Concepts

Redaction

Redaction modifies specific fields in a call’s parameters before the call is forwarded. Unlike deny, which blocks the call entirely, redaction allows the call to proceed with sanitized content. The original values never leave the engine.

This page covers how redaction works internally: the mutation lifecycle, the secret detection layer, the security properties that prevent original values from leaking, and the audit trail that records what changed.

Why redaction exists

Agents interact with APIs using freeform text fields — message bodies, issue descriptions, code snippets, query parameters. These fields can contain sensitive content that the agent did not intend to expose: credentials copied from context, PII from previous conversation turns, or internal identifiers that should not leave the organization. Redaction addresses this by modifying the content in transit, without interrupting the agent’s workflow.

What redaction does

A redact rule targets a single field in the call’s params (e.g., params.text or params.body.content) and applies regex-based replacements to its string value. The engine returns the modified params alongside the allow decision, and the caller forwards the mutated version to the upstream service.

This is useful when a call is legitimate but its content contains data that should not reach the destination — credentials embedded in freeform text, personally identifiable information (PII), or values that violate organizational policy.
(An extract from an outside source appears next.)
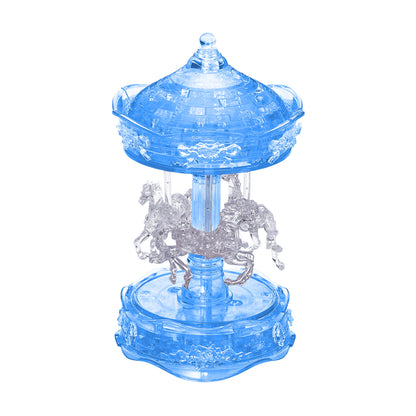 BePuzzled Carousel 3D Crystal Puzzle - 83 pc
The distinction from deny matters:

Deny blocks the entire call and returns a structured error to the agent. The upstream service never sees the call.
Redact allows the call to succeed, but replaces specific content before the call reaches the upstream service. The agent receives a normal response.
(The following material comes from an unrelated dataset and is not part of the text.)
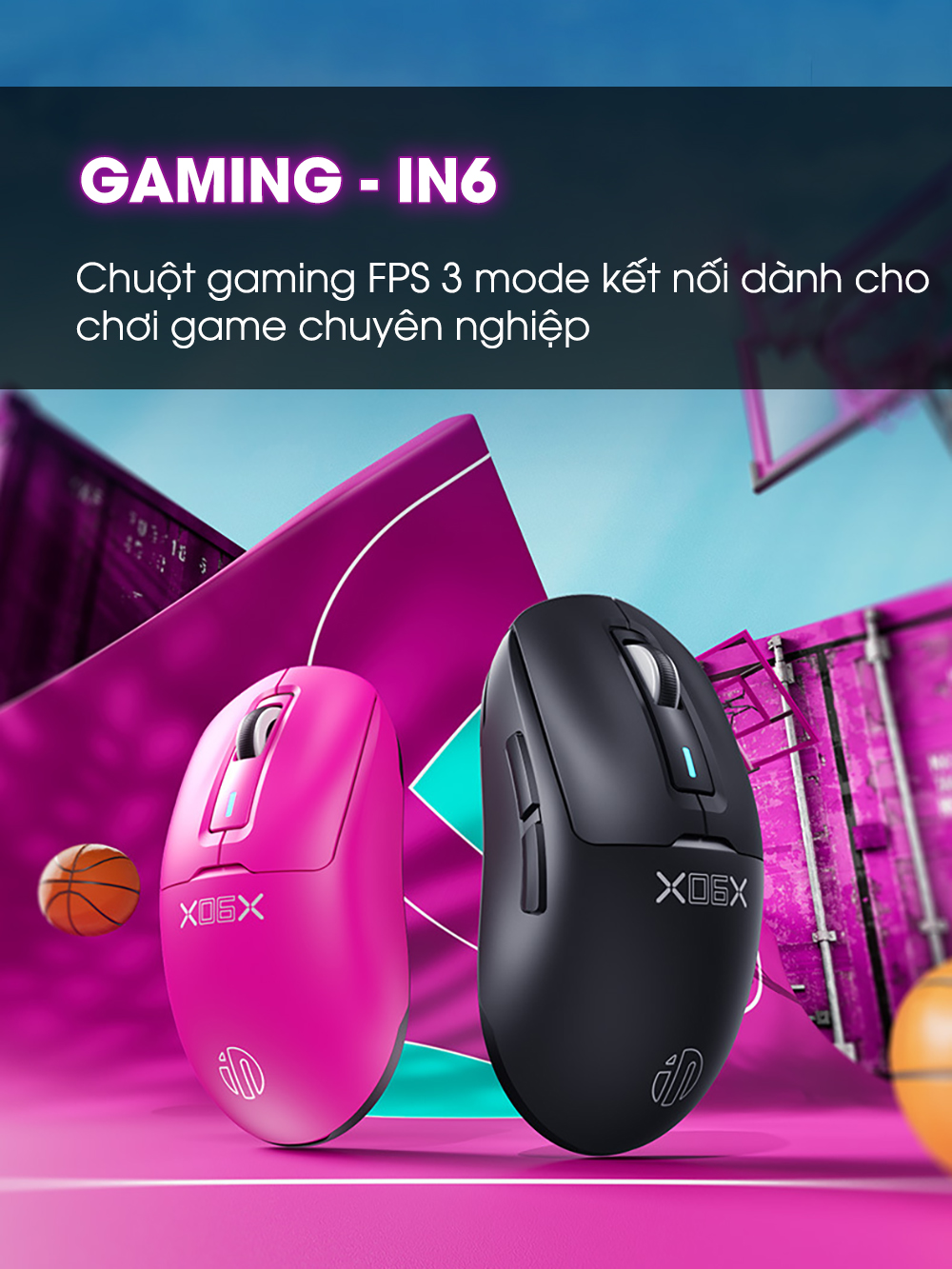 Chuột không dây gaming SIDOTECH INPHIC IN6-SE pin sạc nhẹ chip PAW3311 ...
Redaction is a scalpel where deny is a gate. An agent composing a message that happens to include a leaked API key does not need to be blocked from sending messages entirely — it needs the key removed from the message content. The operation itself is legitimate; only the content is problematic.

Mutation lifecycle

Redaction follows a deterministic sequence during evaluation:

Match — the engine evaluates the rule’s match conditions (operation, when expression). If the rule does not match, no redaction occurs.
Locate target field — the engine navigates the params map using the dot-separated target path (e.g., params.message.text). The params. prefix is stripped, and the remaining segments are used to walk the nested map structure. If any segment along the path is missing, or if the final value is not a string, the rule is skipped silently.
Apply secret detection — if the rule has secrets: true, the gitleaks-based detector runs first on the target field’s current value. Each detected secret is replaced with a [REDACTED:<rule-id>] placeholder, where <rule-id> identifies the gitleaks pattern that matched (e.g., [REDACTED:aws-access-key]). The mutations from secret detection are applied to the working params immediately.
Apply regex patterns — custom patterns from the rule run sequentially on the text. Each pattern’s replacement is applied in order, and the output of one pattern becomes the input to the next. If secret detection already modified the text in the previous step, regex patterns operate on the post-detection result.
Record mutations — if any replacement changed the text, the engine records a Mutation with the field path and the new value. The original pre-redaction value is stored temporarily in an internal field for the duration of evaluation but is never exposed externally (see Security properties).
Update working params — the engine applies mutations to a deep copy of the params map so that subsequent redact rules in the same scope see the already-redacted values, not the originals.

Multiple redact rules can fire on the same call. Each rule operates on the output of the previous one. This means ordering in the rule file matters: a rule that runs second sees the mutations applied by the first. The engine accumulates all mutations across rules into a single list that is returned with the evaluation result.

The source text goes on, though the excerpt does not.